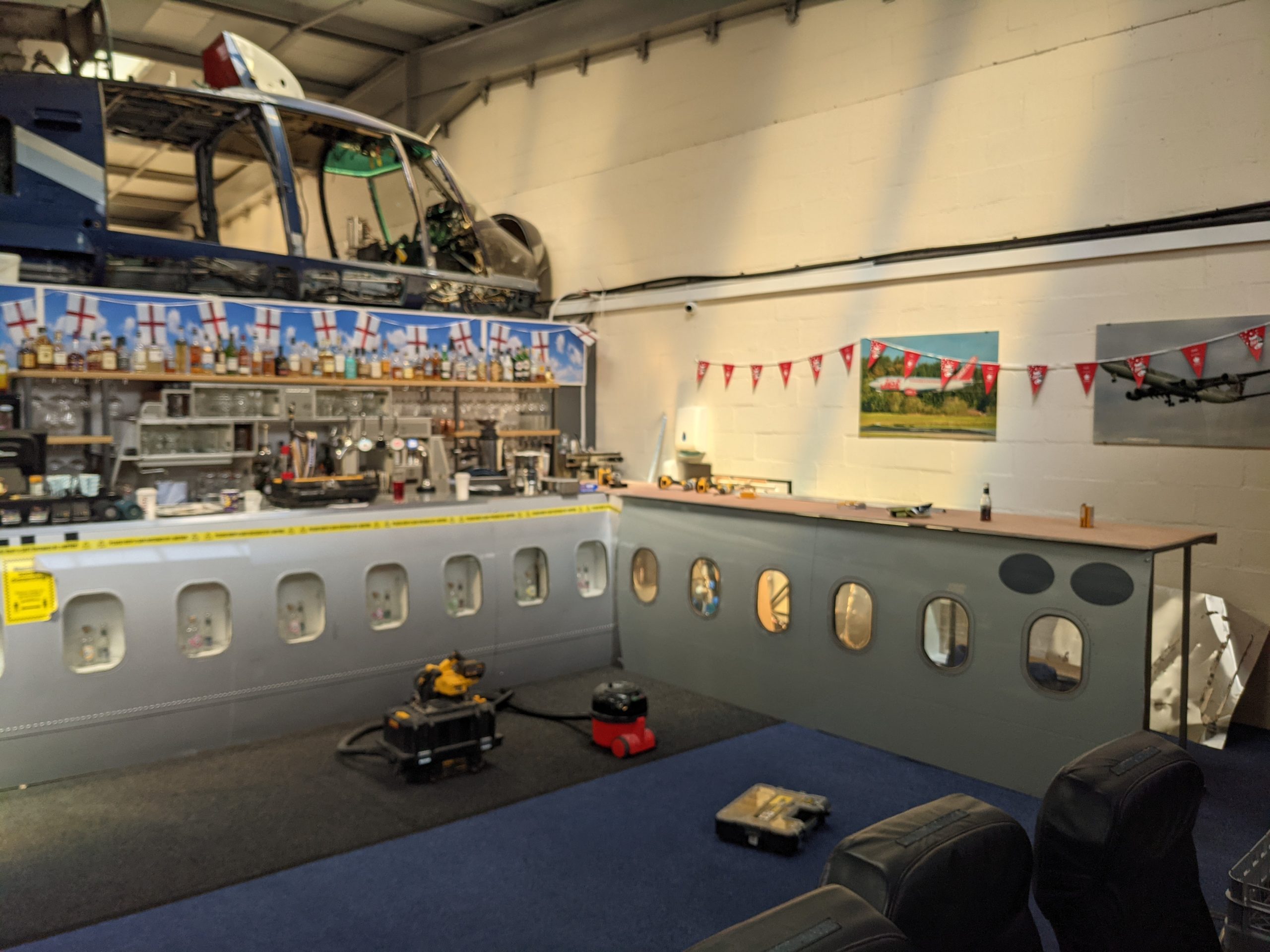 Stu-Art Aviation workshop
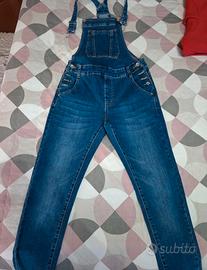 salopette di jeans 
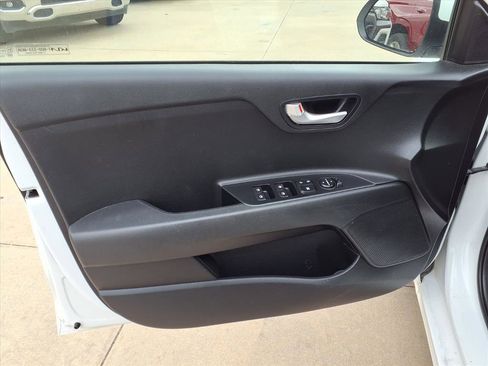 Used 2023 Kia Rio LX image 17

TASK REQUIREMENTS: Before you finish, make sure every line above has been repeated exactly and no picture remains in the copy.

COMPLETED TASK:
 Stu-Art Aviation workshop
 salopette di jeans 
 Used 2023 Kia Rio LX image 17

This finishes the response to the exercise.